Kevin Steen vs. Mike Bailey, C4 The Warriors (5/3/2014)

With Steen’s final days on the independents now in full swing, it’s one of the final weekend of Canadian independent shows that Kev ever does. There’s a SMASH show the day after this and a few before Steen’s ultimate exit in July that spoils it being THE last one, but C*4 makes far better use of him here than the other company does in any of those dates, both in who he faces and what he does.

It’s a hell of a match to go out on, and a hell of a thing he does in his exit.

Kevin Steen shows up to a much smaller and less important show and he puts on PWG level working boots, with a clear story of Bailey standing up to someone who used to bully him as a rookie.
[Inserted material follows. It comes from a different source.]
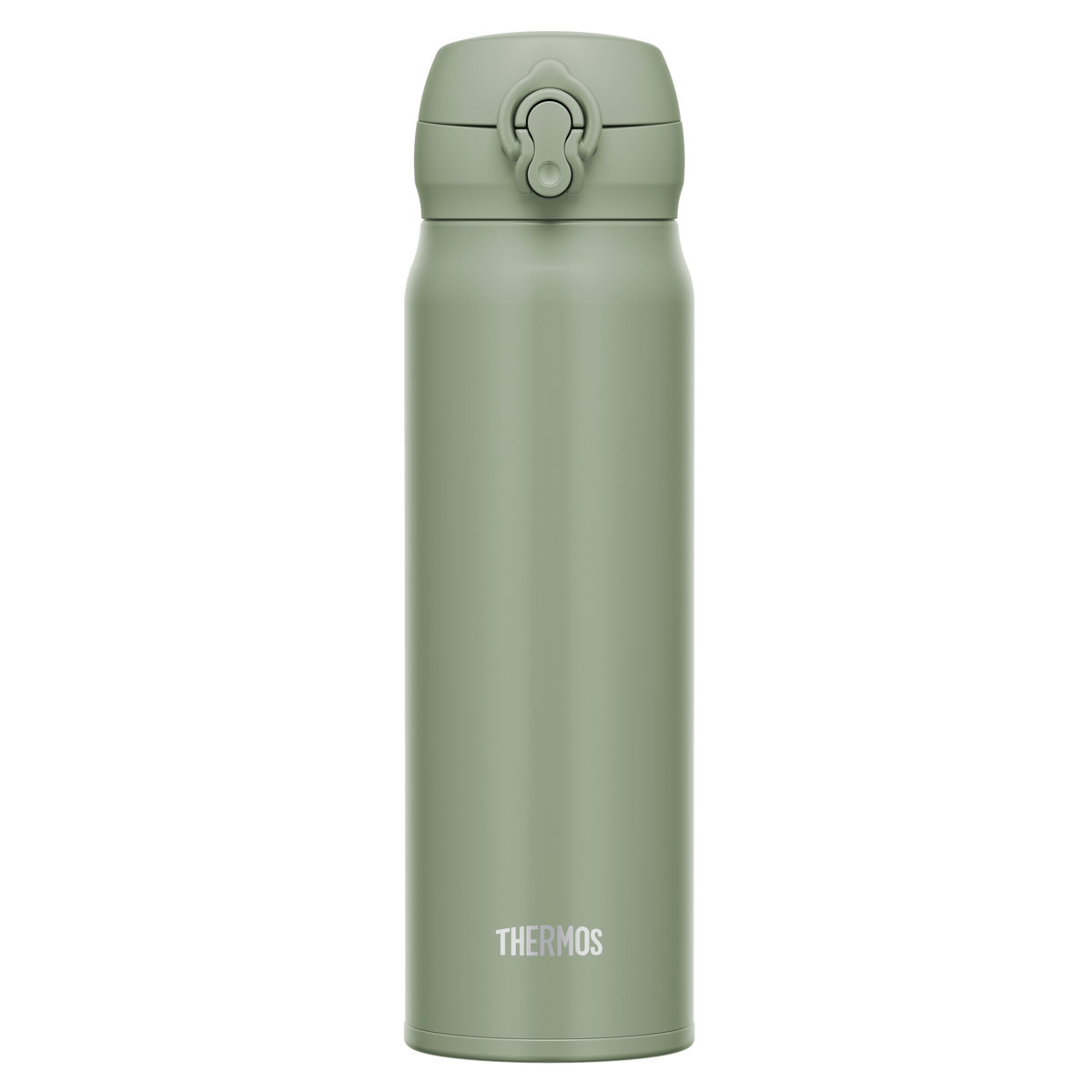 THERMOS（サーモス） 水筒 600ml ステンレス ワンタッチ 真空断熱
It isn’t that Mike Bailey needs making in front of this crowd at this point, but Steen still busts his ass to give him as much as possible on his way out the door. And yet, it’s a balance he’s struggled with sometimes in PWG and it’s something he’s always struggled with more in ROH over the last several years, so it’s a hell of a thing that he gets it right here.

It’s classic heel Steen. He’s angry and mean, but always shows just enough ass to keep the other guy in the fight. The crowd work is entertaining, but never so much that it distracts from the match or makes him likeable. He’s always just barely on the edge, constantly doing these very mean things to the crowd’s hero, but without ever making some big switch in himself to insist that everyone hates him now. It’s the magic of Kevin Steen from 2011 through the end of his independent career, that he could balance these things so flawlessly. It helps too that Mike Bailey is the closest thing the indies have come to an El Generico type since Generico himself went back to the orphanage, so it’s a very easy thing for Kevin Steen to slip back into. Nothing is exactly the same, but it has this very similar feeling. A classical underdog, but one who can kick ass too, and who refuses to take a single second of Steen’s bullshit.

They also manage to strike the perfect balance between keeping it small and efficient and focused, but also going big as hell when it matters. Things build up perfectly and they leverage both things earlier in the match and then the situation they’re in to create some genuinely surprising nearfalls. Bailey exhausts something like ninety percent of his arsenal in the process of coming back and he’s already this underdog local who hasn’t QUITE broken out of Canada just yet, so it’s believable that all these different Steen things could beat him. Maybe not the powerbomb or the F5, but they’re done with enough force and intensity that, shit, maybe.

It builds up perfectly from the ground, and when Steen survives Seedball’s newer Triangle Choke finish and is able to get the Package Piledriver on, it’s as great and logical an ending as you could ask for, given that Steen doesn’t do a lot of jobs and that Bailey is so far beneath him outside of this room and this company.

But then Seedball kicks out.

The entire room jumps and starts high fiving like it’s the liberation of Paris.

It’s a move built up well enough throughout multiple promotions that a kick out genuinely feels like a big deal, and it’s done by someone likeable and beloved and believable enough in the role that you get the most jaded people in the world to stand up and begin hooting and hollering, because their hero might just have an honest chance after all.

Pro wrestling is so fucking good.

Bailey is able to come back after that. A top rope version is blocked. Bailey hits a gorgeous and truly nasty top rope poisoned rana, and while Steen survives a Shooting Star Press, he’s not able to kick out again when Seedball breaks out an ultra rare Shooting Star Senton, and the hero does indeed get it done at the end.

A wonderful and beautiful sort of a match, a refinement of some of the best things wrestling can do, even on a smaller scale. Most of all, more than a fitting farewell to Kevin Steen, going out with an above and beyond effort in the exact sort of match he’s always been so at home in and against his career rival’s spiritual heir, and finally doing something that he absolutely never had to do.